Cresciuta fra il Senegal e l’Italia, la giovanissima regista (alla sua opera prima) è ritornata nella sua Dakar dove, dalla metà degli anni ottanta, il padre Francesco vive e porta avanti un’azienda che esporta fuori dai confini nazionali pesce congelato. Per Ilaria Congiu “il mare è stato sempre il mio compagno di vita”, ma con il tempo l’ha visto diventare “spoglio e silenzioso”, l’azione scellerata dell’uomo, il cambiamento climatico, la pesca industriale ne hanno impoverito i fondali e devastato l’equilibrio. E il ritorno nella capitale senegalese è stata per la regista un modo pure per capire se, in un posto dove “la pesca è ancora sostenibile e i pescatori vanno ancora in mare con le piroghe”, l’impresa del padre contribuisca agli stravolgimenti negativi. Certo, è paradossale scoprire che sulla tavola della stragrande maggioranza degli abitanti di Dakar non arriva il buon (e ricercato) pesce locale, ma quello importato dalla Cina, perché costa molto meno.

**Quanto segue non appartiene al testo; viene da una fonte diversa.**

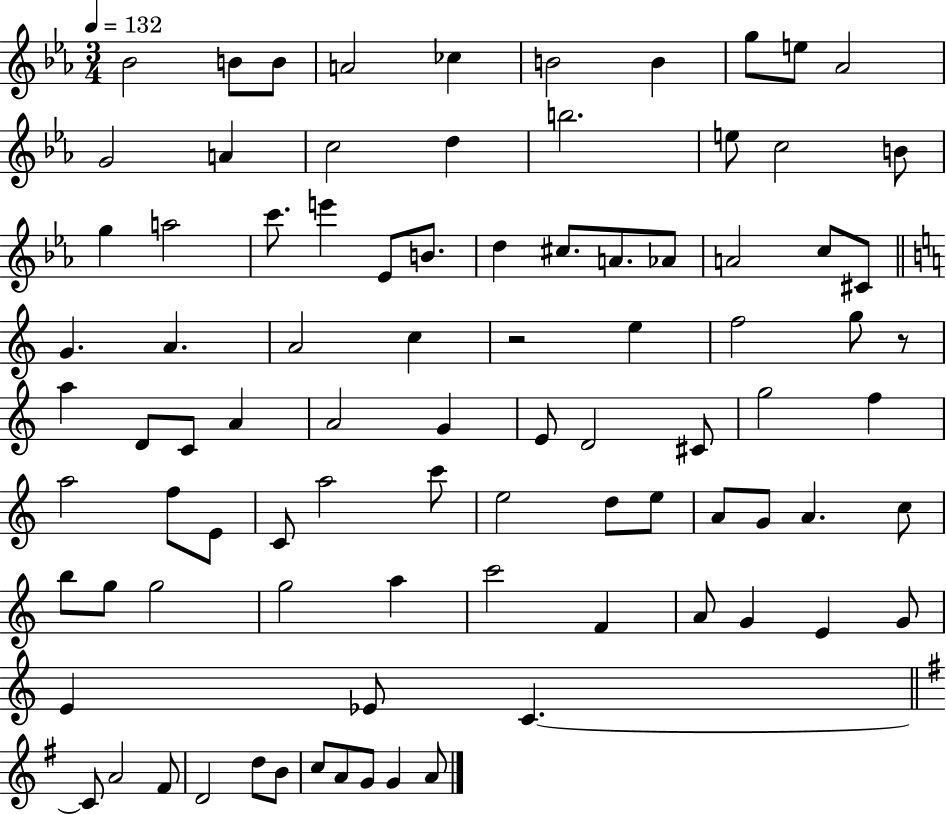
X:1
T:Untitled
M:3/4
L:1/4
K:Eb
_B2 B/2 B/2 A2 _c B2 B g/2 e/2 _A2 G2 A c2 d b2 e/2 c2 B/2 g a2 c'/2 e' _E/2 B/2 d ^c/2 A/2 _A/2 A2 c/2 ^C/2 G A A2 c z2 e f2 g/2 z/2 a D/2 C/2 A A2 G E/2 D2 ^C/2 g2 f a2 f/2 E/2 C/2 a2 c'/2 e2 d/2 e/2 A/2 G/2 A c/2 b/2 g/2 g2 g2 a c'2 F A/2 G E G/2 E _E/2 C C/2 A2 ^F/2 D2 d/2 B/2 c/2 A/2 G/2 G A/2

Prodotto da Mediterraneo Cinematografica e Mescalito Film, “Breath” è un film di denuncia sulle multinazionali che nel mondo gestiscono con spregiudicatezza la pesca utilizzando enormi reti a strascico, e <<chi sale sui grandi pescherecci – afferma il biologo marino Silvio Greco – non sono pescatori ma lavoratori qualsiasi, fare bulloni o andare per mare per loro è la stessa cosa>>. In questo “sistema sciagurato” che comporta forti ripercussioni sociali e il depauperamento della fauna marina, ci sguazzano quelle imbarcazioni che trasportano dalla Calabria a Malta “gabbie volanti” con dentro migliaia di tonni tenuti all’ingrasso per essere uccisi una volta giunti a destinazione.

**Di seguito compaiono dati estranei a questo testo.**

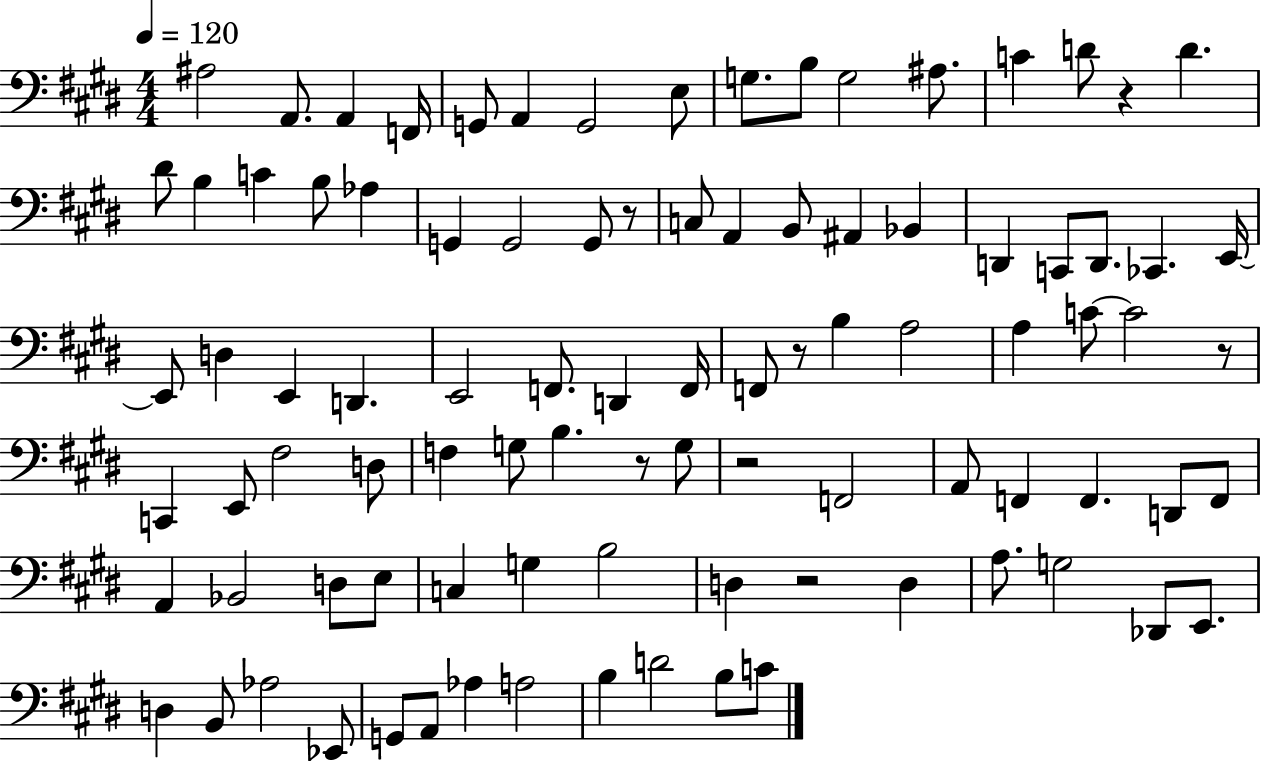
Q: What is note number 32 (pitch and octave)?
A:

“Breah” è un film che cerca di afferrare il respiro, il suono, lo stato di salute del mare, e la Congiu lo fa incontrando, lasciando parlare – oltre il padre e Silvio Greco (che ricorda gli enormi quantitativi che l’uomo riversa nel mare e le dannose isole di plastica presenti nei fondali) – la direttrice del Forum Mondiale del Mare, Rym Benzina Bourguiba, impegnata da anni in campagne di sensibilizzazione, un pescatore senegalese il cui dolente racconto si specchia con quello del giovane collega italiano che lamenta come le leggi della Comunità Europea non tutelino chi si guadagna da vivere in mare senza far parte del giro dei grandi pescherecci. Infine, si vede la campionessa mondiale di immersione in apnea Alessia Zecchini che, prima di una discesa nei fondali, rilassa il proprio corpo, incamera ossigeno e tiene a farsi testimone degli abissi che accolgono, abbracciano e “si lasciano scoprire”.
E’ un film “Breath” sì su uomini e donne che non sanno far a meno del contatto col mare, col sale che si deposita su pelle ed occhi, ma allo stesso scorre come se una figlia e un padre volessero ricucire un legame, dirsi le cose che non si sono mai dette, ritrovare una comune condizione, un uguale sguardo – come avviene nell’ultima sequenza – tra la luce di un tramonto e il rumore dell’oceano, tra il vento che si alza e il respiro dell’acqua.